Em relação à igualdade, o ministro criticou a visão de que ela deve representar uma igualdade de oportunidades. “O que deve haver é igualdade de pontos de partida. Porque se a mesma oportunidade é oferecida, por exemplo, a uma pessoa que usa computadores desde os seis anos de idade e a outra que conheceu o computador aos 16 anos, em telecentros, enfrentando filas e precisando usá-lo por tempo limitado, não há igualdade nenhuma”, disse.



A fraternidade, de acordo com ele, vem da ideia de que dentro de uma mesma família ‘de sangue’ o respeito está assegurado, o que não necessariamente ocorre. “Então há a adequação para o termo ‘solidariedade’, a consciência de pertencimento à condição humana. E essa é a proposta dos direitos humanos: que qualquer sofrimento, dor, violência contra qualquer pessoa do planeta seja sentida por nós como se fossem a nós dirigidas”, explicou.



Vannuchi disse que é difícil articular o sentimento de solidariedade, a liberdade e a igualdade, e que até hoje ainda não foi possível construir isso. “Já nos séculos seguintes à revolução francesa os ideais de liberdade e igualdade se confrontaram. A burguesia fez uma armadilha e o novo movimento operário pisou como não devia: aceitou que os capitalistas ficassem com a ideia de liberdade e os socialistas com a de igualdade. Até hoje essa discussão se mantém. Mas não pode haver liberdade sem igualdade, como vemos no nosso sistema, nem a igualdade sem liberdade, que gerou as experiências socialistas de ditadura”, analisou.



Críticas ao programa



 Para Vannuchi, o que desencadeou a “reação raivosa” ao Programa não foi tanto a existência de temas polêmicos, como a união civil de homossexuais e a legalização do aborto, mas sim o “dedo na ferida”: a consciência de que até hoje o Brasil ainda não consolidou o processo relativo aos direitos humanos. Isso porque, em 1966, a Organização das Nações Unidas (ONU) lançou dois Pactos Internacionais sobre os Direitos do Homem (o Pacto Internacional sobre os Direitos Econômicos, Sociais e Culturais e o Pacto Internacional sobre os Direitos Civis e Políticos), aos quais o Brasil aderiu em 1992, e, no ano seguinte, a ONU estabeleceu que cada país deveria construir um programa nacional. Embora já tenham se passado quase 20 anos e essa já seja a terceira proposta, o país ainda não conseguiu aprovar seu programa. Ele explicou então as críticas de quatro grupos principais: o meio militar, os latifundiários, a mídia e a Igreja Católica.

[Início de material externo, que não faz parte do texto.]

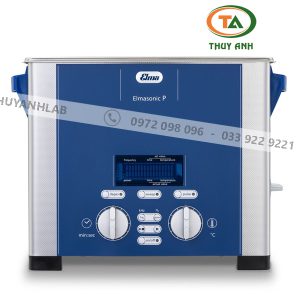 Bể rửa siêu âm P 300H ELMA 28 Lít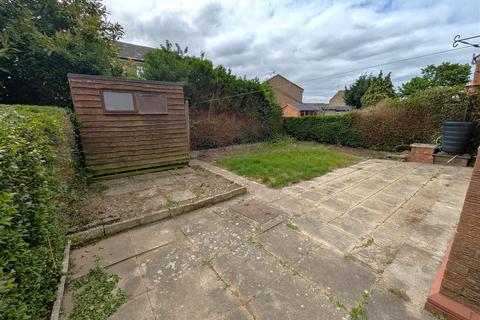 69 Willow Brook Road, Corby, NN17 2EE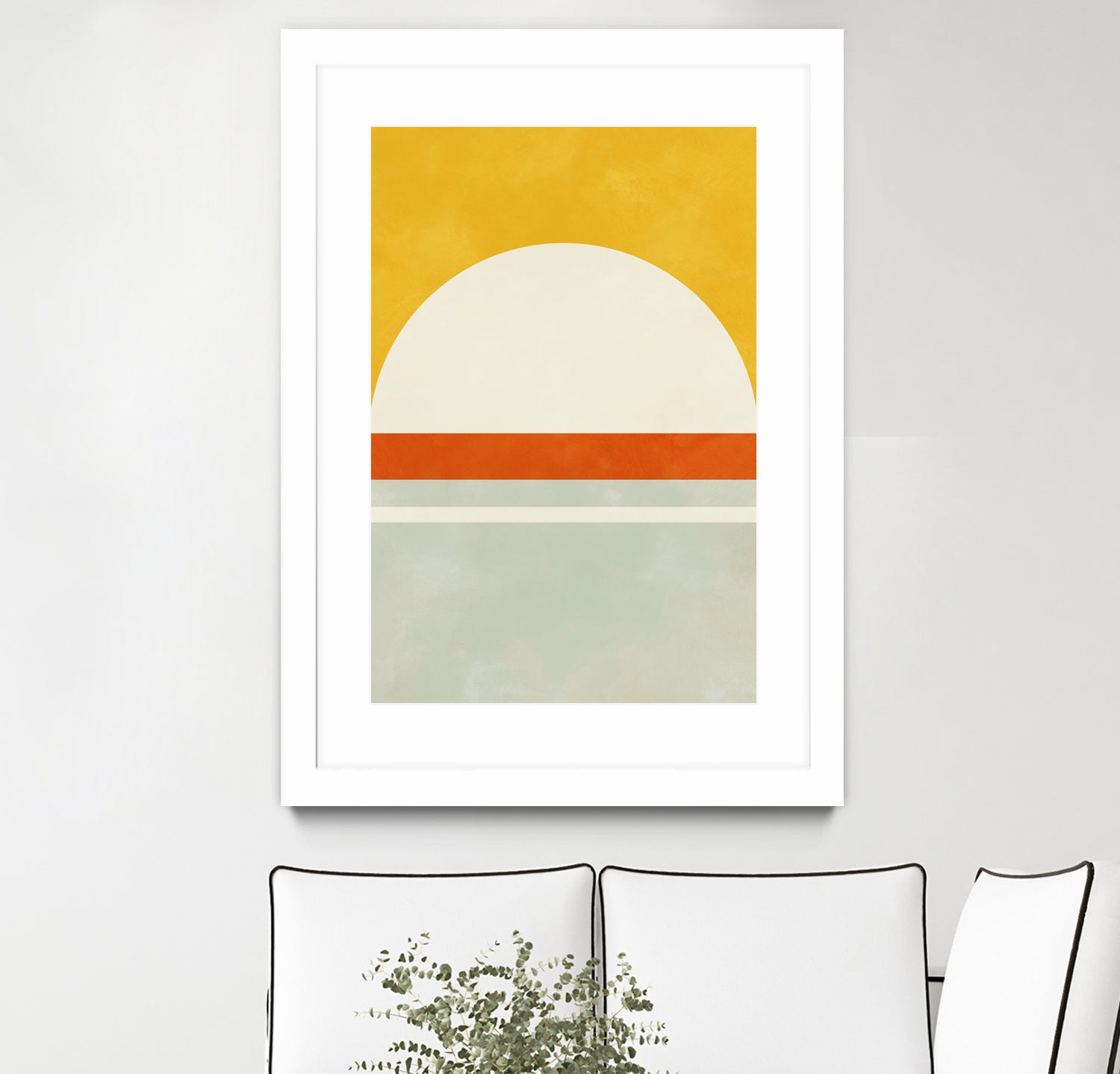 Bauhaus 3 23 by Ana Rut Bre on GIANT ART - shapes shape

A proposta de criação da Comissão Nacional da Verdade – grupo destinado a investigar abusos cometidos durante o regime militar –, trouxe uma resposta negativa não só das Forças Armadas como também do ministro da Defesa, Nelson Jobim. Para Vannuchi, a reação é equivocada: “Os primeiros beneficiários serão o exército, a marinha e a aeronáutica, porque não é justo que milhares de pessoas ligadas a essas áreas e suas famílias carreguem para sempre as torturas, as mortes, as mulheres violentadas, por equívoco dessa transição entre passado e presente. Em outros países, como Uruguai e Argentina, os chefes militares já pediram perdão formalmente”, disse. A Comissão também será importante para que as famílias de mortos e desaparecidos tenham assegurado o direito à informação sobre o que aconteceu realmente. “O que menos importa é se vão colocar os torturadores na cadeia ou se eles serão perdoados. Mas é preciso que seja jogada uma luz completa sobre todos os fatos: quem matou quem, quando e onde, e como podem ser localizados os restos mortais das pessoas”, justificou.



Os latifundiários, segundo Vannuchi, criticam o Programa por acreditarem que ele se opõe ao direito à propriedade e pretende se superpor ao Poder Judiciário. O ministro explicou, citando o artigo 30 do PNDH-3: “O que o Programa diz é que deve haver um mecanismo de mediação pacífica de conflitos, sem desrespeitar o direito à propriedade mas sem passar pela via da criminalização”, disse.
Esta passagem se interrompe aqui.